- [Aim of the task] Each entry must appear in the answer exactly as written.

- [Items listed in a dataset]
********

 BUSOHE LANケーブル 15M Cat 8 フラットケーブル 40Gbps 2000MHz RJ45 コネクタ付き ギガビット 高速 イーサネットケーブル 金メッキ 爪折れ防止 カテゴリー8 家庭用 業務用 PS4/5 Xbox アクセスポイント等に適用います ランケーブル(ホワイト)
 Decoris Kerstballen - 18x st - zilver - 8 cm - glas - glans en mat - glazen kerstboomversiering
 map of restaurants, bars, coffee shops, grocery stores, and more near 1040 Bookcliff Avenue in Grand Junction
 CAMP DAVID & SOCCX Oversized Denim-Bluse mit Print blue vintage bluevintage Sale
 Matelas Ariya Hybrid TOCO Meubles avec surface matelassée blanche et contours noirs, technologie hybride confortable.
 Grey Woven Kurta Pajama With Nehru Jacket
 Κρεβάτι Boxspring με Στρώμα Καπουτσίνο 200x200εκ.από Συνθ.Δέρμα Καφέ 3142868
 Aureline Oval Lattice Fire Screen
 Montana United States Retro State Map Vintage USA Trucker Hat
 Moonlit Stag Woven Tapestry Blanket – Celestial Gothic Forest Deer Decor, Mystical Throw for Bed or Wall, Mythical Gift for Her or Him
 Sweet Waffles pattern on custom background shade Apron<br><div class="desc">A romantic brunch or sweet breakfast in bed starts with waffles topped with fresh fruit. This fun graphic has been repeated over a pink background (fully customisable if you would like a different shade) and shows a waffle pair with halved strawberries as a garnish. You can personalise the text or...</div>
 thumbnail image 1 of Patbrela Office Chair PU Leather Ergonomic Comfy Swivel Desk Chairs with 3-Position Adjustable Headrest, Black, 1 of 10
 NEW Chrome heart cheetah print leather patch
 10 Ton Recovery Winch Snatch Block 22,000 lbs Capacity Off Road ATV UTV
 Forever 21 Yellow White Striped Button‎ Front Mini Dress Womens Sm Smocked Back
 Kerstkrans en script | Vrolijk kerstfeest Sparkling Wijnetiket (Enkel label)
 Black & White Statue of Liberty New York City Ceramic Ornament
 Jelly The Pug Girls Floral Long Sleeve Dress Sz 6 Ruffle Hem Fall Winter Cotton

********

- [Task response]
 BUSOHE LANケーブル 15M Cat 8 フラットケーブル 40Gbps 2000MHz RJ45 コネクタ付き ギガビット 高速 イーサネットケーブル 金メッキ 爪折れ防止 カテゴリー8 家庭用 業務用 PS4/5 Xbox アクセスポイント等に適用います ランケーブル(ホワイト)
 Decoris Kerstballen - 18x st - zilver - 8 cm - glas - glans en mat - glazen kerstboomversiering
 map of restaurants, bars, coffee shops, grocery stores, and more near 1040 Bookcliff Avenue in Grand Junction
 CAMP DAVID & SOCCX Oversized Denim-Bluse mit Print blue vintage bluevintage Sale
 Matelas Ariya Hybrid TOCO Meubles avec surface matelassée blanche et contours noirs, technologie hybride confortable.
 Grey Woven Kurta Pajama With Nehru Jacket
 Κρεβάτι Boxspring με Στρώμα Καπουτσίνο 200x200εκ.από Συνθ.Δέρμα Καφέ 3142868
 Aureline Oval Lattice Fire Screen
 Montana United States Retro State Map Vintage USA Trucker Hat
 Moonlit Stag Woven Tapestry Blanket – Celestial Gothic Forest Deer Decor, Mystical Throw for Bed or Wall, Mythical Gift for Her or Him
 Sweet Waffles pattern on custom background shade Apron<br><div class="desc">A romantic brunch or sweet breakfast in bed starts with waffles topped with fresh fruit. This fun graphic has been repeated over a pink background (fully customisable if you would like a different shade) and shows a waffle pair with halved strawberries as a garnish. You can personalise the text or...</div>
 thumbnail image 1 of Patbrela Office Chair PU Leather Ergonomic Comfy Swivel Desk Chairs with 3-Position Adjustable Headrest, Black, 1 of 10
 NEW Chrome heart cheetah print leather patch
 10 Ton Recovery Winch Snatch Block 22,000 lbs Capacity Off Road ATV UTV
 Forever 21 Yellow White Striped Button‎ Front Mini Dress Womens Sm Smocked Back
 Kerstkrans en script | Vrolijk kerstfeest Sparkling Wijnetiket (Enkel label)
 Black & White Statue of Liberty New York City Ceramic Ornament
 Jelly The Pug Girls Floral Long Sleeve Dress Sz 6 Ruffle Hem Fall Winter Cotton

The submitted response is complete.